**Aim of the task**
Line by line, transcribe the data below exactly and pass over the images.

**Source records**

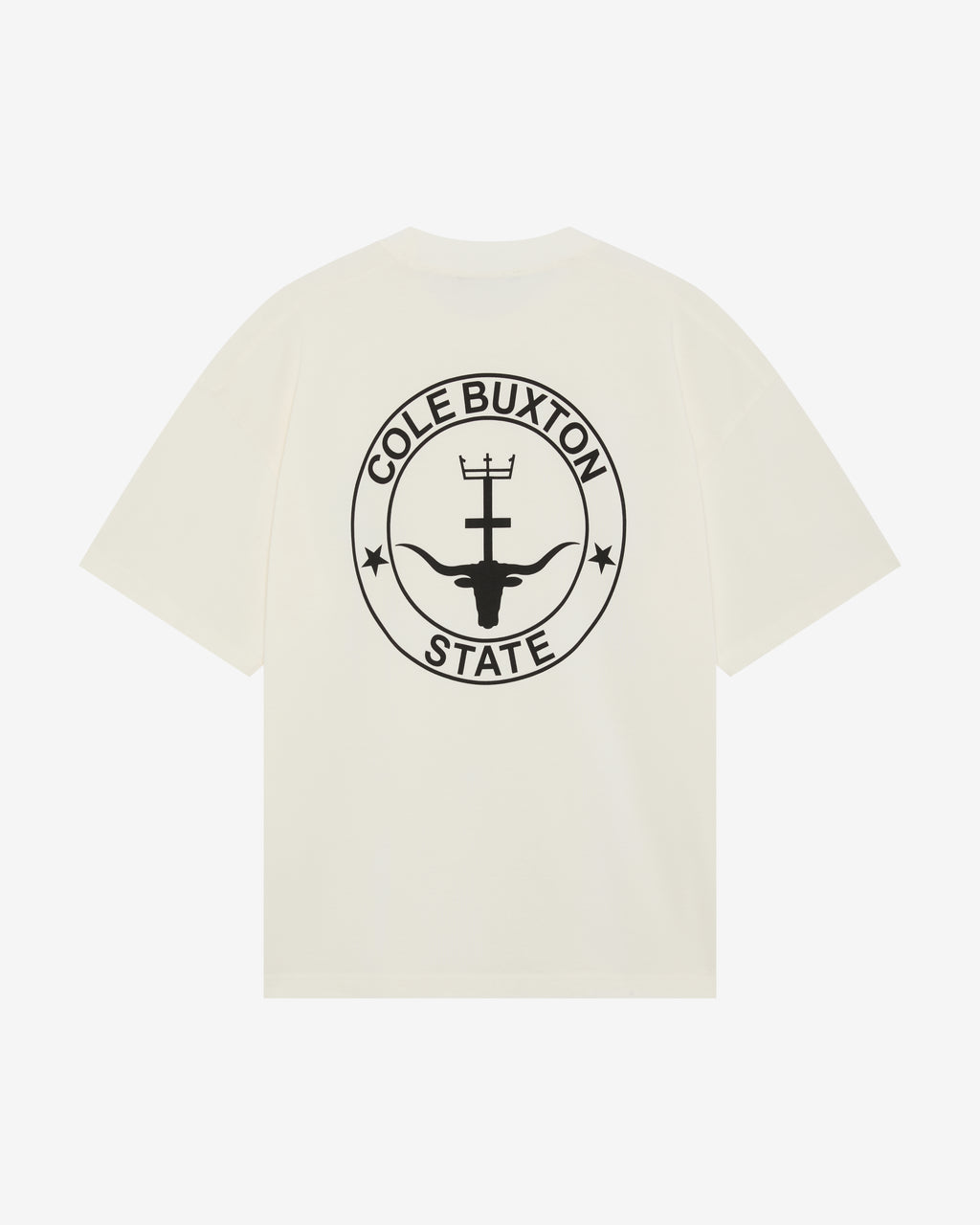 COLE BUXTON STATE  T-SHIRT
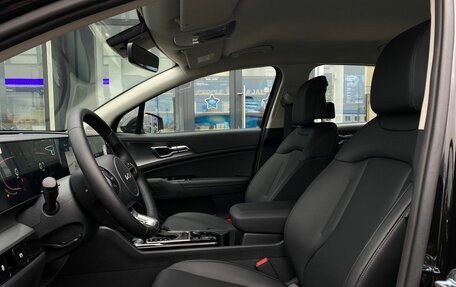 KIA Sportage IV рестайлинг, 2025 год, 4 580 000 рублей, 6 фотография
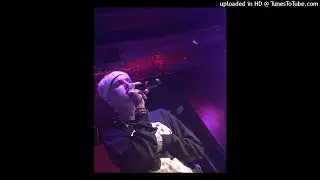 Lil Peep - Crying Diamonds
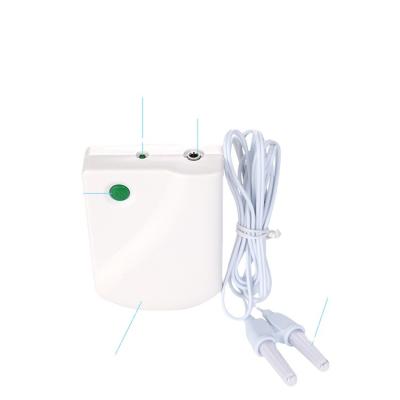 China Plastic Nose Care Allergic Rhinitis Treatment Device Machine Physical Therapy Equipments for sale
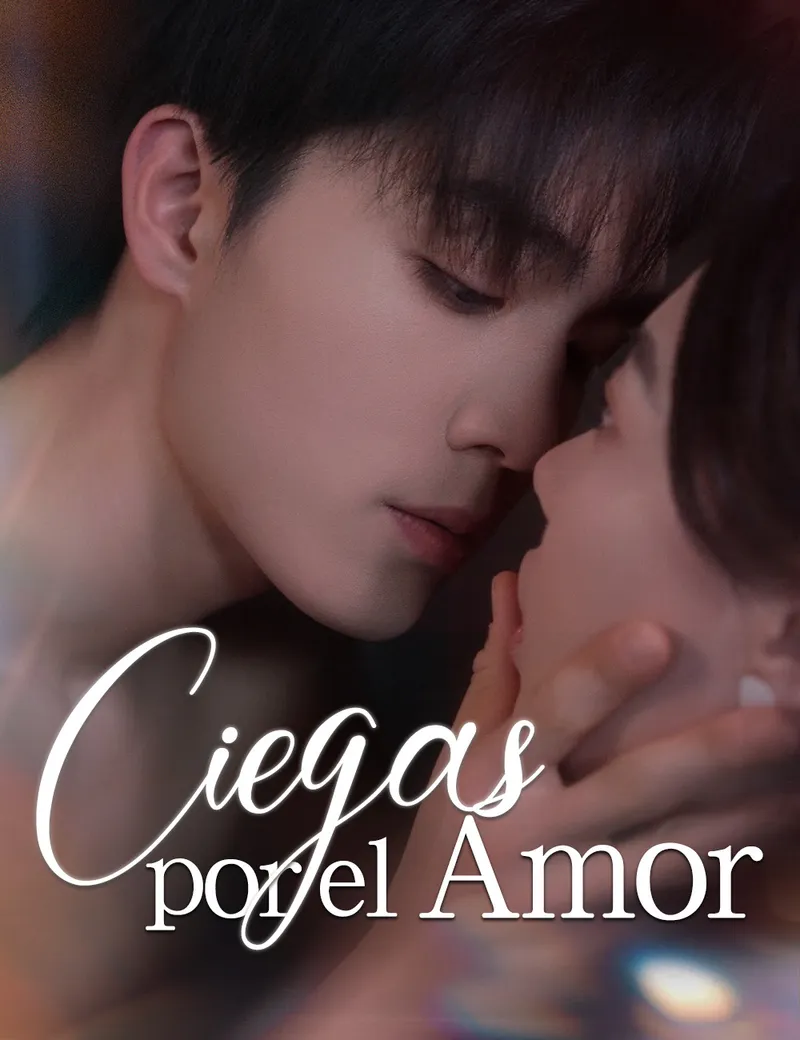 Portada de Ciegas por el Amor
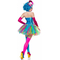  Déguisement dame bonbons luxe femme, fig. 2 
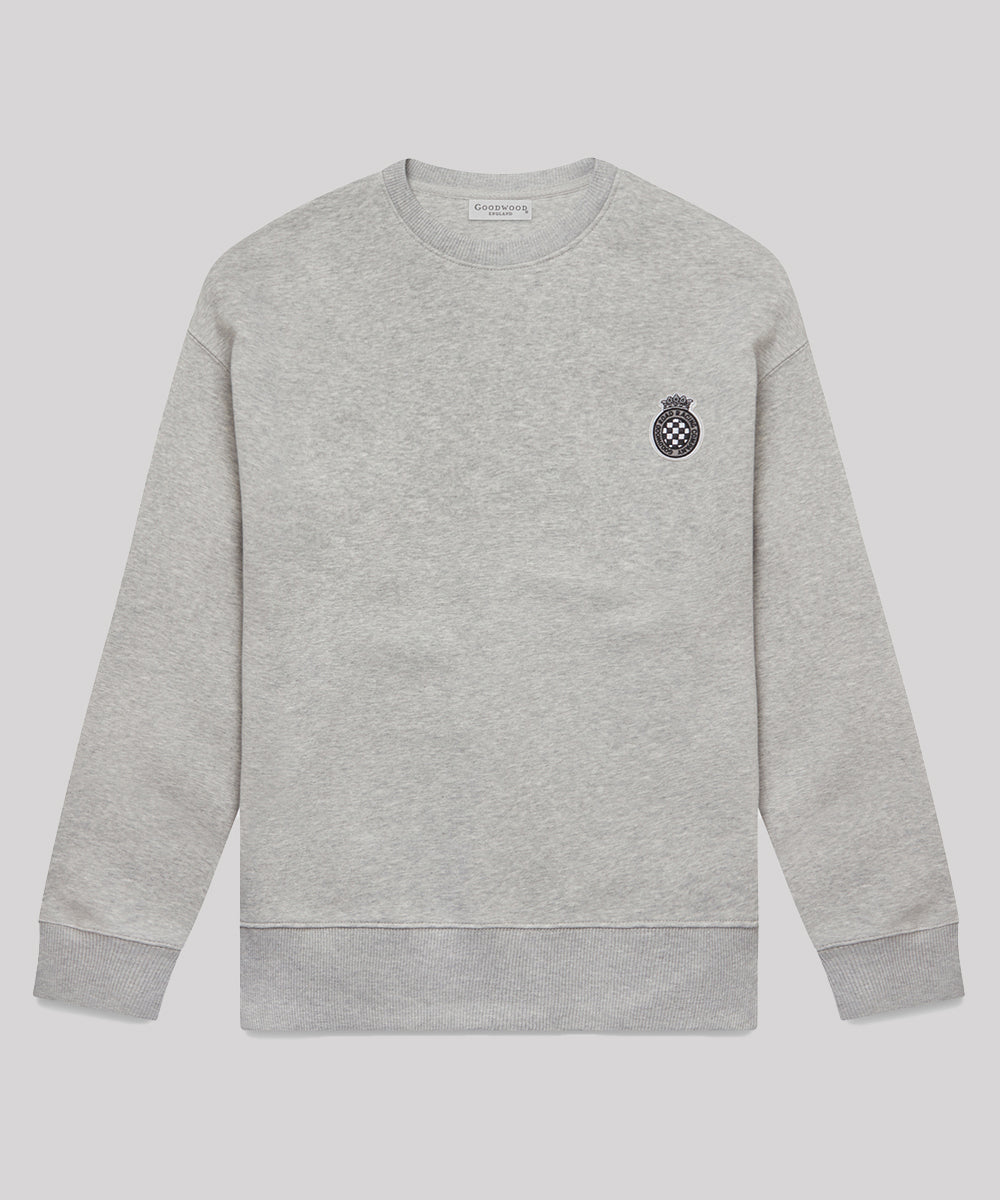 Goodwood Road Racing Company Sweatshirt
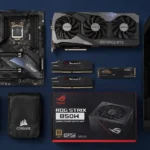 How to PC Build Guide under 50k in 2026 — Step by Step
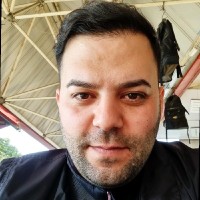 Ali Kanik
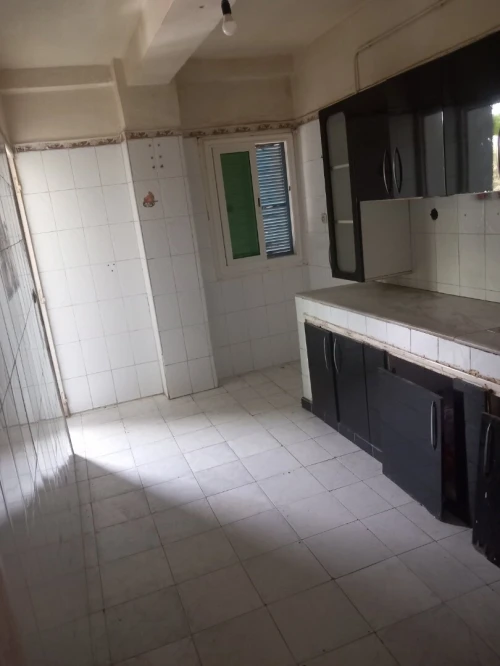 Vente Appartement F3 Alger Bordj el kiffan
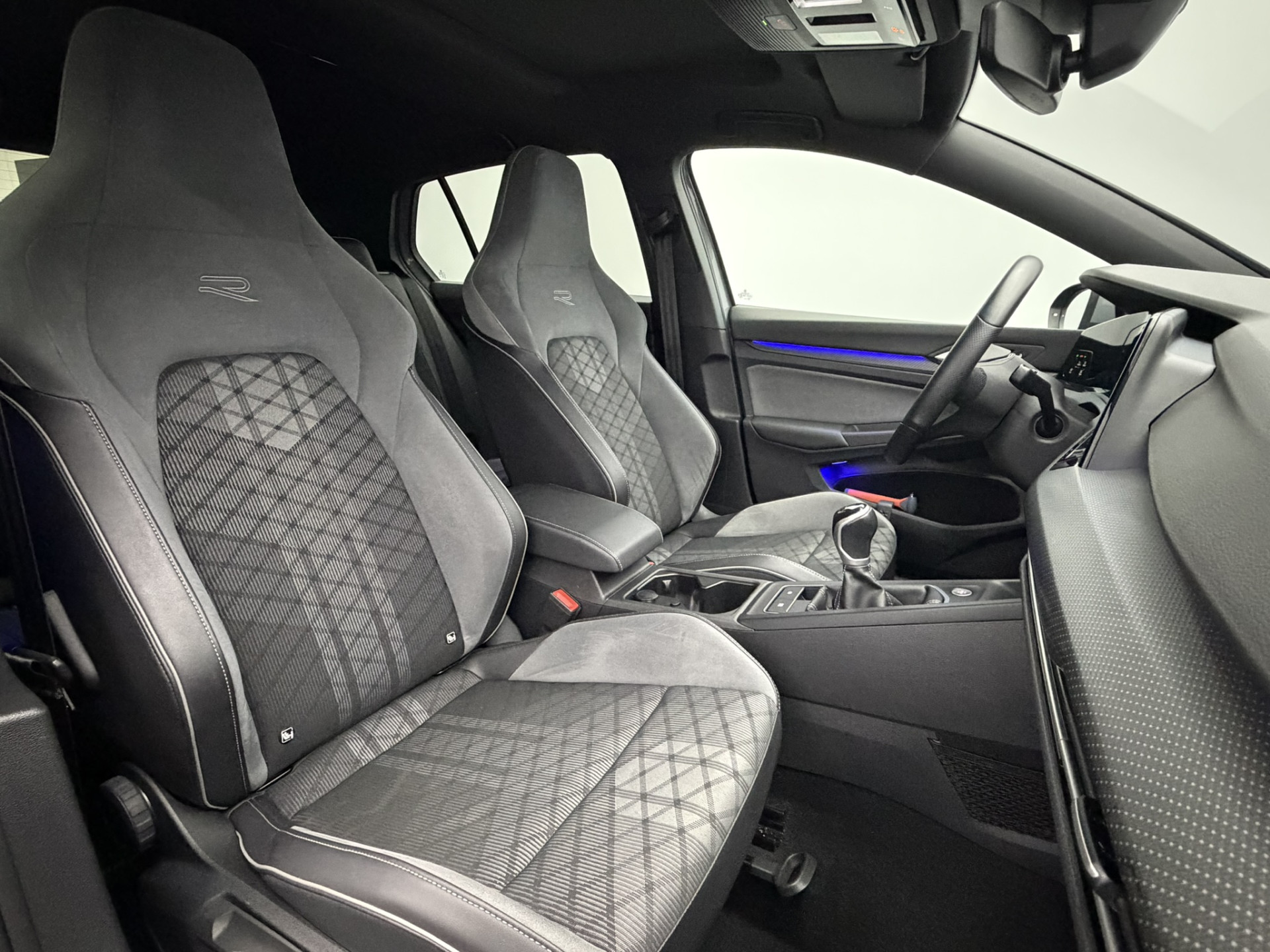 Foto van Volkswagen Golf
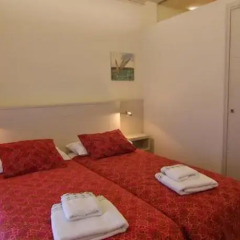Апартаменты Tendency Apartments 2 детские мероприятия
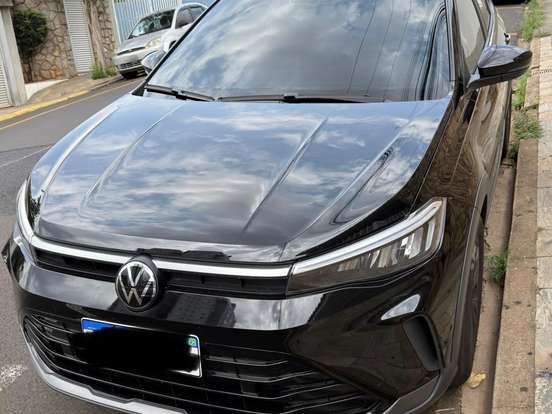 VOLKSWAGEN-NIVUS-1.0 200 TSI TOTAL FLEX SENSE AUTOMÁTICO VOLKSWAGEN-NIVUS-2025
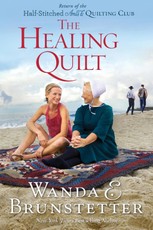 Healing Quilt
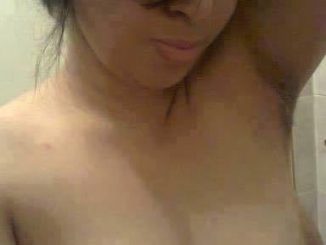 curvy haryana babe nude selfies showing 003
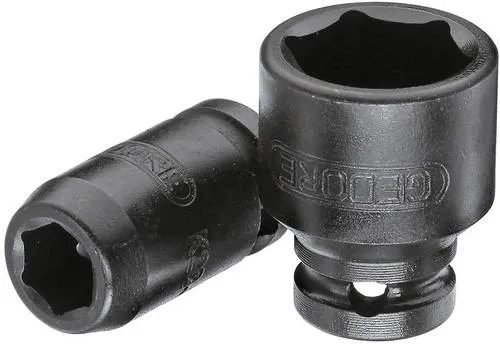 Gedore K 20 3/8AF 6199570 Kraft-Steckschlüsseleinsatz 3/8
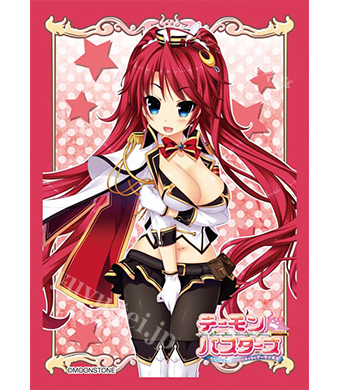 キャラクタースリーブコレクション デーモンバスターズ「静 木乃香」 | 販売 | サプライ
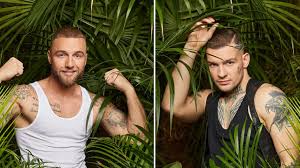 Filip pavlovic im dschungelcamp 2022: Neues Drama Im Dschungelcamp Filip Greift Eric Verbal An Promiflash De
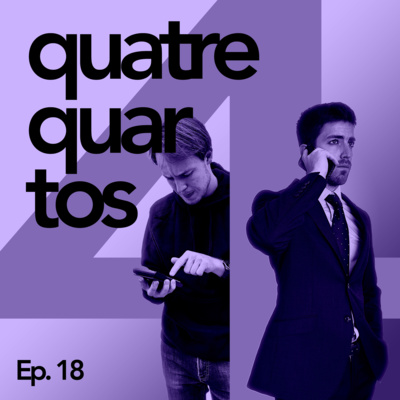 episode Episodi 18 | Principis necessaris per invertir artwork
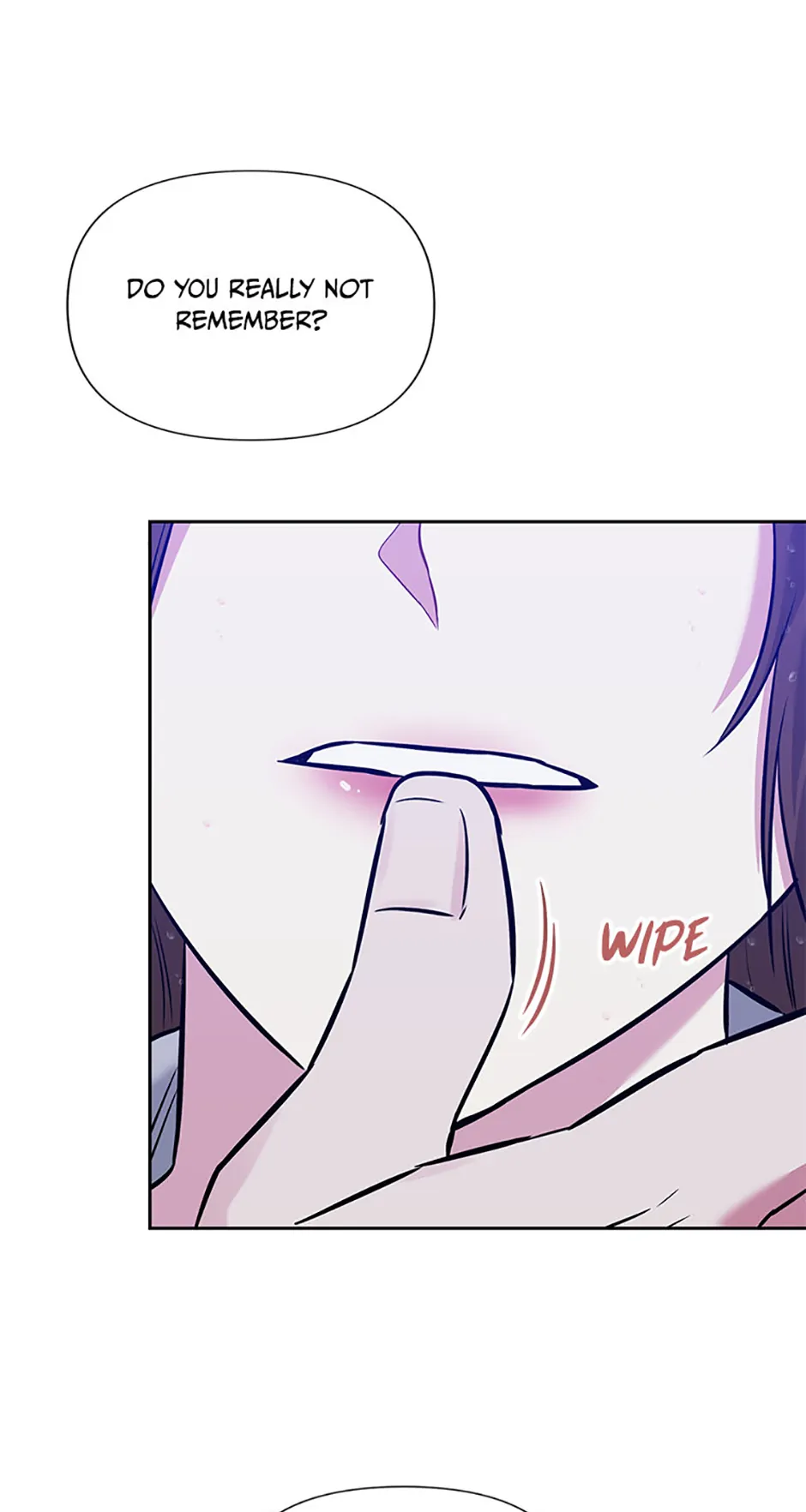 Second Time Newlyweds chapter 7 page 22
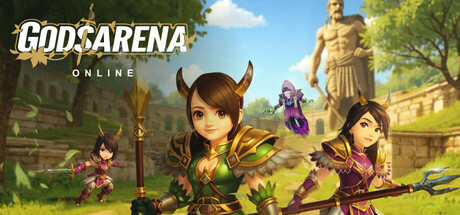 GodsArena Online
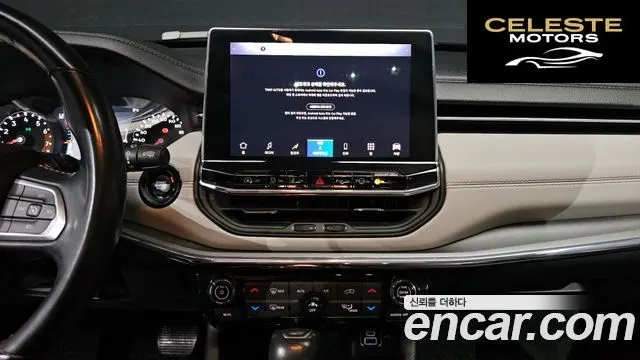 JEEP 22.4 Limited AWD 2022 — photo 12 sur 20
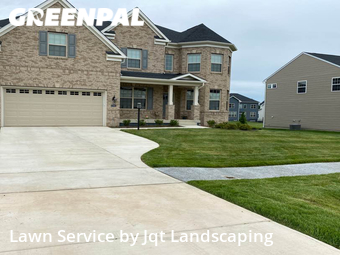 Lawn Mowing Service nearby Poolesville, MD, 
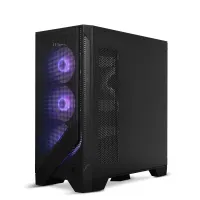 Gaming PC - RTX 5070 Ti - Core Ultra 7 270K Plus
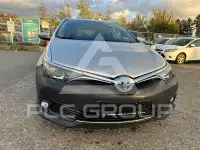 2017 Toyota AURIS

**Response to the exercise**
 COLE BUXTON STATE  T-SHIRT
 KIA Sportage IV рестайлинг, 2025 год, 4 580 000 рублей, 6 фотография
 Lil Peep - Crying Diamonds
 China Plastic Nose Care Allergic Rhinitis Treatment Device Machine Physical Therapy Equipments for sale
 Portada de Ciegas por el Amor
  Déguisement dame bonbons luxe femme, fig. 2 
 Goodwood Road Racing Company Sweatshirt
 How to PC Build Guide under 50k in 2026 — Step by Step
 Ali Kanik
 Vente Appartement F3 Alger Bordj el kiffan
 Foto van Volkswagen Golf
Апартаменты Tendency Apartments 2 детские мероприятия
 VOLKSWAGEN-NIVUS-1.0 200 TSI TOTAL FLEX SENSE AUTOMÁTICO VOLKSWAGEN-NIVUS-2025
 Healing Quilt
 curvy haryana babe nude selfies showing 003
 Gedore K 20 3/8AF 6199570 Kraft-Steckschlüsseleinsatz 3/8
 キャラクタースリーブコレクション デーモンバスターズ「静 木乃香」 | 販売 | サプライ
 Filip pavlovic im dschungelcamp 2022: Neues Drama Im Dschungelcamp Filip Greift Eric Verbal An Promiflash De
 episode Episodi 18 | Principis necessaris per invertir artwork
 Second Time Newlyweds chapter 7 page 22
 GodsArena Online
 JEEP 22.4 Limited AWD 2022 — photo 12 sur 20
 Lawn Mowing Service nearby Poolesville, MD, 
 Gaming PC - RTX 5070 Ti - Core Ultra 7 270K Plus
 2017 Toyota AURIS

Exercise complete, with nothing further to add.